Appellant called Tosti on May 16, but Tosti then heard nothing from appellant
until May 29. Tosti called the phone number appellant had given him and left messages.
On May 18, Tosti learned that appellant had been involved in a domestic dispute with his
girlfriend or wife. A "stop and hold" was issued for appellant's arrest. On May 29, Tosti
participated in appellant's arrest. Appellant, woken from sleeping in his car and "crying
a little bit," apologized for not calling Tosti and said that he had tried to call and still
wanted to "do things" but had not been able to reach Tosti.

Appellant testified that when he was released from custody he was "trying to get
situated." He and his fiancé moved to his mother's house and "it was just a matter of two
days" before he called Tosti on May 13. Asked why he did not contact Tosti between
May 15 and May 29, appellant explained that his uncle had had a stroke, went into a
coma and eventually died, and that he was trying to get money for himself and his wife to
go to San Jose to be with the family there. Appellant testified that this was the only
reason he did not contact Tosti. "I had no time. I thought this was priority over that."
Appellant also testified that he called Tosti sometime after May 15, probably after the
May 18 domestic violence incident; Tosti asked if appellant had found anything,
appellant said he was still looking and Tosti told him to call back. Appellant told Tosti
he had not been calling because he had been looking for work so he could go to see his
uncle.

5


Appellant testified that he was sleeping in his car on the morning of his arrest
because he was homeless and not because he was trying to evade the police. He testified
that he did not know there was a warrant for his arrest. Appellant acknowledged that he
knew he was supposed to be in daily contact with Tosti: "I was suppose to call him every
day. That was our--that was--that was the agreement for me to keep in contact."
Appellant also stated that he knew he had not completed his work for the police after the
one undercover meeting on May 15, 2002.
DISCUSSION
I.

Appellant contends the trial court erred in failing to allow him the opportunity to
withdraw his no contest pleas after it withdrew approval of the plea agreement and
imposed a more severe punishment than that specified in the plea agreement. He further
urges the court erred in refusing to order specific performance of the plea agreement
because there was insufficient evidence that appellant failed to comply with his
agreement to act as a cooperating witness for the police.

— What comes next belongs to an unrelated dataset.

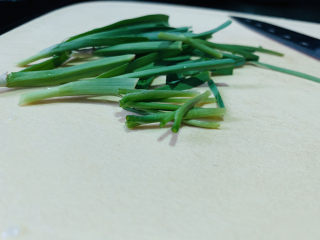 3、红烧小黄鱼,蒜叶和葱，洗净，切长段，待用；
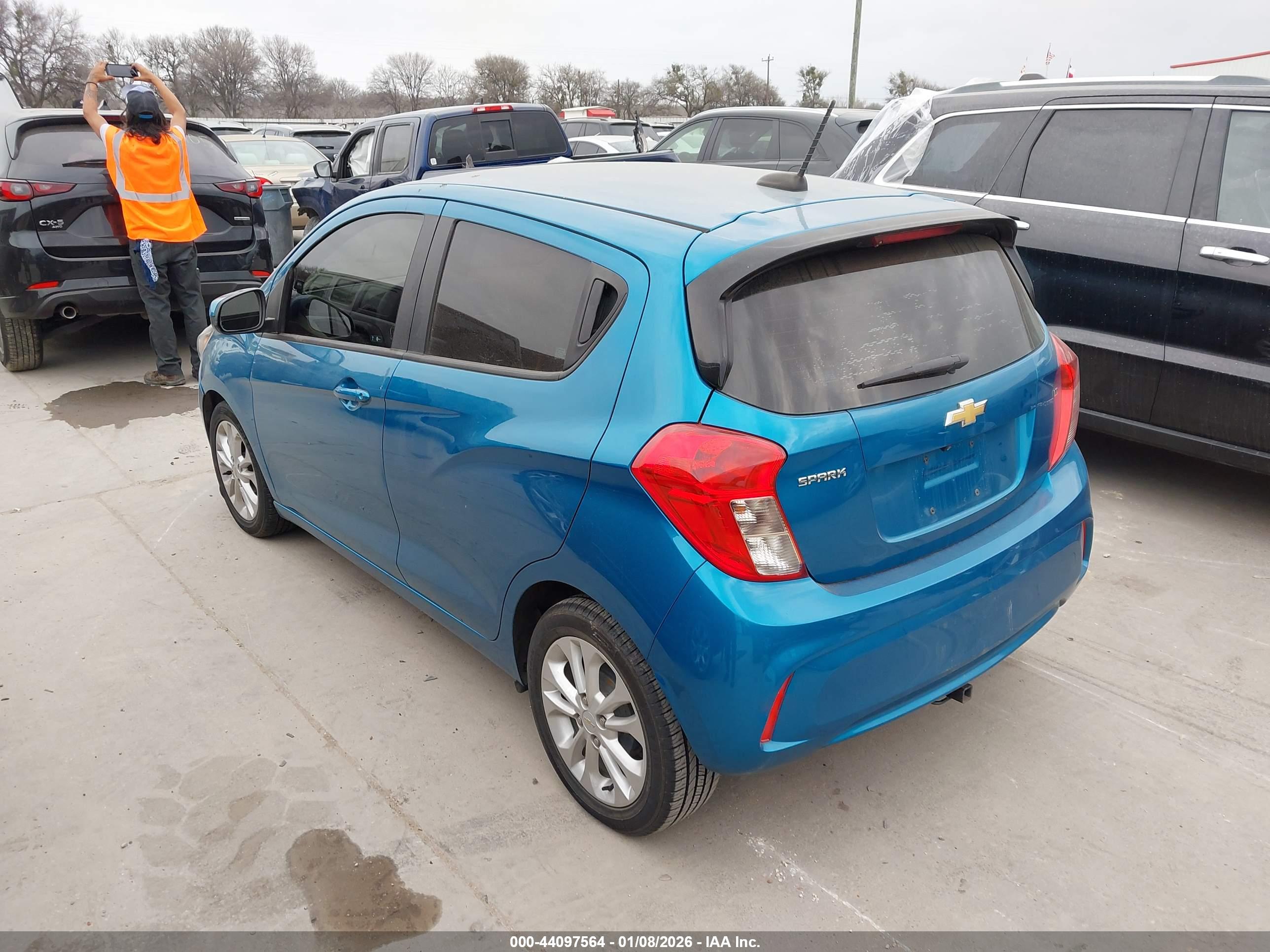 CHEVROLET SPARK image 3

Section 1192.5 provides in pertinent part: "Where the plea is accepted by the
prosecuting attorney in open court and is approved by the court, the defendant, except as
otherwise provided in this section, cannot be sentenced on the plea to a punishment more
severe than that specified in the plea and the court may not proceed as to the plea other
than as specified in the plea. [¶] If the court approves of the plea, it shall inform the
defendant prior to the making of the plea that (1) its approval is not binding, (2) it may, at
the time set for the hearing on the application for probation or pronouncement of
judgment, withdraw its approval in the light of further consideration of the matter, and
(3) in that case, the defendant shall be permitted to withdraw his or her plea if he or she
desires to do so. The court shall also cause an inquiry to be made of the defendant to
satisfy itself that the plea is freely and voluntarily made, and that there is a factual basis
for the plea."

We consider first appellant's claim that the court erred in finding he did not
substantially comply with the terms of the plea bargain. The court gave three reasons for

6

this finding: That the agreement required appellant to be in daily contact with Tosti but
"there were significant periods of time when the contact was not made" and after May 16,
there was no contact until appellant's arrest; that appellant had a positive drug test; and
that appellant was arrested for a domestic violation incident.

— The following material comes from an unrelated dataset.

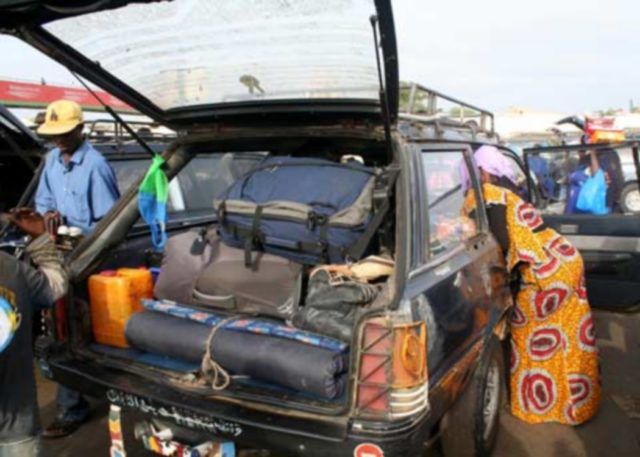 Ziguinchor : Un individu arrêté avec 1 Kg de Cocaïne dans une voiture de transport 7 places Ziguinchor : Un individu arrêté avec 1 Kg de Cocaïne dans une voiture de transport 7 places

Appellant addresses only one of these points, arguing that daily contact was not a
term of the plea agreement; appellant called Tosti within a day or two of his release from
custody, participated in an undercover investigation, failed to contact Tosti for less than
two weeks, and told Tosti he remained willing to participate in the investigation.

We agree that the evidence does not support the court's conclusion that daily
contact was part of the plea bargain. The discussion of the plea bargain on the record at
the time the plea was entered did not mention cooperation with the police at all:
Appellant's attorney told the court appellant was prepared to plead no contest to the
counts of forgery and possession and the on-bail enhancement, with a maximum
exposure of five years eight months, and the prosecutor agreed to have this sentence
imposed, with execution of sentence suspended, appellant released on supervised "OR"
immediately and then placed on probation, subject to conditions imposed by the court,
and the remaining charges dismissed.

Subsequently, at the hearing on the motion to enforce the plea agreement, the
prosecutor reminded the court that an agreement for appellant to "cooperate" with
Detective Tosti had been discussed between the parties and the court but intentionally
kept off the record. The prosecutor explained: "The Court probably will recall, and I
guess I'm asking for purposes of this hearing the Court take judicial notice of notes in its
file. [Defense counsel] and I met with you in chambers and asked you to place a note in
the file rather than placing it in open court on the record that we were entering into that
agreement. [¶] We asked the Court to note that we were entering into an agreement that
the defendant would work for and cooperate with law enforcement, being Detective Tosti
of the Santa Rosa Police Department, that was understood between the defendant and the
People and his counsel, the defendant's counsel, in return for a sentence of execution of
sentence suspended as well as immediate release on supervised OR."

7


Nothing in the record specifically states that daily contact between appellant and
Tosti was a term of the plea bargain. Both appellant and Tosti testified that appellant was
supposed to be in daily contact with Tosti. But Tosti's testimony suggests that this
requirement was imposed after appellant's release, when appellant and Tosti met and
began appellant's undercover work, not as part of the plea negotiations. For all that
appears in the record, the actual plea agreement specified only that appellant was to
"work" and "cooperate" with the police; Tosti then defined one parameter of the "work"
or "cooperation" by imposing the requirement of daily contact.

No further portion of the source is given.